Le Festival international de films de femmes propose un focus sur les réalisatrices de thrillers, fantastique, SF… et un hommage à Susan Sontag.

Christophe Kantcheff  • 9 mars 2022 abonné·es
Gaëlle Jones : Un cinéma charnel
© Wayna Pitch

La productrice Gaëlle Jones, de Perspective films, est présente dans l’actualité à plus d’un titre. L’excellent Soy Libre, de Laure Portier, sort sur les écrans cette semaine (voir notre critique), Les Affluents, de Jessé Miceli, y continue sa carrière, Il n’y aura plus de nuit, d’Éléonore Weber (lire Politis no 1658, du 15 juin 2021), récemment couronné d’un prix du Syndicat de la critique, bénéficie d’une ressortie, tandis que le premier film de Noah Teichner, Navigators, est présenté au Festival du réel, à Paris (1).
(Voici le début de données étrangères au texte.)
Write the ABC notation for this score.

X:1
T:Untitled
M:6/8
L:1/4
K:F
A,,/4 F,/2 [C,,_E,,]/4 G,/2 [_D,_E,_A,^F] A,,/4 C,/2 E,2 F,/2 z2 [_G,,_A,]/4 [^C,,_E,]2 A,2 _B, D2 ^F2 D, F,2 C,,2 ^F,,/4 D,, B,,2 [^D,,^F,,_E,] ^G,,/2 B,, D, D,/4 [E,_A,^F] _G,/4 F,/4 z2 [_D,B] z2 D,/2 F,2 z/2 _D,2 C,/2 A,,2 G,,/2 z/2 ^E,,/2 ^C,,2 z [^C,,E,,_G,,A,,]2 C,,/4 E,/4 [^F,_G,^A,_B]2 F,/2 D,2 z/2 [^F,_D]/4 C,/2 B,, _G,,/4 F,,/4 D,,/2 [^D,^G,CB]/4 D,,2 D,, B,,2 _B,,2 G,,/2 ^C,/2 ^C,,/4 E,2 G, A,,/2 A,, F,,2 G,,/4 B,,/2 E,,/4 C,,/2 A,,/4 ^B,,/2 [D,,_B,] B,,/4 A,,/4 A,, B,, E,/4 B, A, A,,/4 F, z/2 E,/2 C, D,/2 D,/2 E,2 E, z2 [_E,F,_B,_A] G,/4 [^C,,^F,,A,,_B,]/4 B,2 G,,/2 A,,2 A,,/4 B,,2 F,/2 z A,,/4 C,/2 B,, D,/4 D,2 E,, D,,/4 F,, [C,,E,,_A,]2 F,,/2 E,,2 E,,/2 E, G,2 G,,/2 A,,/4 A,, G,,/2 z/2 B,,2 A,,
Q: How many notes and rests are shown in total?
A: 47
Une bonne occasion de rencontrer une productrice qui exerce son métier avec la foi que le cinéma peut changer le monde.

Comment avez-vous rencontré la réalisatrice de Soy Libre, Laure Portier ?

Gaëlle Jones : Laure avait besoin de conseils en production. Je l’ai donc rencontrée simplement pour l’aider. Son projet m’a paru passionnant, je l’ai lu par plaisir. Ensuite, un épisode romanesque a eu lieu : elle s’est fait tirer les tarots par une femme qui se trouve être une cinéaste croate que je connais, qui a cité mon nom en séance. Laure m’a appelée : il lui semblait évident que nous devions travailler ensemble.